A friend who works for Solano County said that the Anna’s hummingbird nesting in her office courtyard was being harassed by county employees who’d been sticking their noses and cameras rather literally into the nest and even bending the branch it’s on down, for closer looks. The hummingbird has been tenacious but she’s clearly agitated, and diverting her even occasionally from feeding the newly hatched chicks endangers them. 

The overeager bird botherers got indignant when the groundskeeper roped off the nest area.  

That evening one of my sisters back East emailed a forwarded copy of a Chron story from a year or two ago: a humpback whale had been entangled on a string of crab pots, and a volunteer crew of divers, at serious personal risk, had cut her free. My sister asked: Was the story was for real? 

Sure it was. So was the hummingbird story. So were the many stories that accumulated after the Cosco Busan oil spill.

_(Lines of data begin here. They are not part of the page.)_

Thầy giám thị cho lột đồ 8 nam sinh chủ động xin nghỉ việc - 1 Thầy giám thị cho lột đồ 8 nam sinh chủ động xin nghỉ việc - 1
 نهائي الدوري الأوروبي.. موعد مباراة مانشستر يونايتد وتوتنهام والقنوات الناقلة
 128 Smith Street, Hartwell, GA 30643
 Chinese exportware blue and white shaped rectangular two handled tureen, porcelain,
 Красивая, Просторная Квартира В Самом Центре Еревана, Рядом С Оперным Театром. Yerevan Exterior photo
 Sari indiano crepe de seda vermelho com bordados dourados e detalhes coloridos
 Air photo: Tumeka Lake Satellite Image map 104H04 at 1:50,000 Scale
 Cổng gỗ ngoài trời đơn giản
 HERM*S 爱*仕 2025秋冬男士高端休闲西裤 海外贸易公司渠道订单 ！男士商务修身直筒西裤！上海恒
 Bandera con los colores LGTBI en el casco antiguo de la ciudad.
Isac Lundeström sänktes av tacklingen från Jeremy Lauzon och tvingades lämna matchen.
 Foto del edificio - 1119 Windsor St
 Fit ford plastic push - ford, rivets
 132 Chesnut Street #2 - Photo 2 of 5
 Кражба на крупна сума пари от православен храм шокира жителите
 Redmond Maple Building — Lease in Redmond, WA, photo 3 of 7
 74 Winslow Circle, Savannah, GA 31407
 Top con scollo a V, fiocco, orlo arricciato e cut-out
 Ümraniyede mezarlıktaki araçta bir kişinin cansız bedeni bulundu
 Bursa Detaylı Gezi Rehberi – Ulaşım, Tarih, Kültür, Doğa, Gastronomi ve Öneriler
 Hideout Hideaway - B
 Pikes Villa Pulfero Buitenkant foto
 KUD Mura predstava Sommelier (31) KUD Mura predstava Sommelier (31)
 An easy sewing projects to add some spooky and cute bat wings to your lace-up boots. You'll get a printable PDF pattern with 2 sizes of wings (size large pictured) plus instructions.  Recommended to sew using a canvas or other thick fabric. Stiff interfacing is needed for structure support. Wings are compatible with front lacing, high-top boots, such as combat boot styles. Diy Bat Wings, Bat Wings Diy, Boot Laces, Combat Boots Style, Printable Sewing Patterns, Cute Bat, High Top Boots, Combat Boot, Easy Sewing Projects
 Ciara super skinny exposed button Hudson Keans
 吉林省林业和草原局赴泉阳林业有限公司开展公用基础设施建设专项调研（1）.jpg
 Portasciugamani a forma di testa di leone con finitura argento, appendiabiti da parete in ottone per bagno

Joe and I played a very minor part in that rescue effort; you should have seen the outpouring of time and sweat and skill and, yes, love, by volunteers who spent long hard days at the rescue centers and on the beaches and in boats in the middle of Bay in the middle of the night.  

Maybe you did. Maybe you were among them. If so, you know what I’m talking about.  

Both the good and the bad stories there arise from something E. O. Wilson calls “biophilia,” something as basic to us as music or an oxygen-based metabolism. We’re alive, and we’re drawn to everything else alive. We’re part of something, and vice versa: it is what we’re made of. That’s Darwin’s most compelling idea, that we’re related to every other living being on the planet. You want family values? We got ’em. 

But, like parents who’ve never learned child care, sometimes we stumble in ignorance. It’s appalling that anyone is allowed to grow up without a feel for, say, the requirements of breeding birds; the knowledge that they’re utterly different and still the same as us, that they’re not puppets or cartoons. We still crave their company after we’ve paved them half out of existence, but sometimes we hurt them further even in reaching out. 

It’s not unusual to be ignorant. I’m still learning, and I’m nearly 60. The bit of work I did for the bird rescue gave me the organized guts to grab a sick barn owl in my spare shirt when we saw him as we strolled in a marsh a day later.  

We took him to the Suisun wildlife center and he died in two days anyway.  

Did I do him any good? Don’t know. Would I do it again? Yes, I’m a used nurse, and know about trying anyway. I also know the oath: First, do no harm. Funny, how we’re barely beginning to learn how to carry that one off. 

We’re born with biophilia. It’s hard to kill it. Nurturing it will do more for us—whatever age we are—than banning Grand Theft Auto or requiring organized sports. We don’t need more regimentation; we need knowledge, access, and release.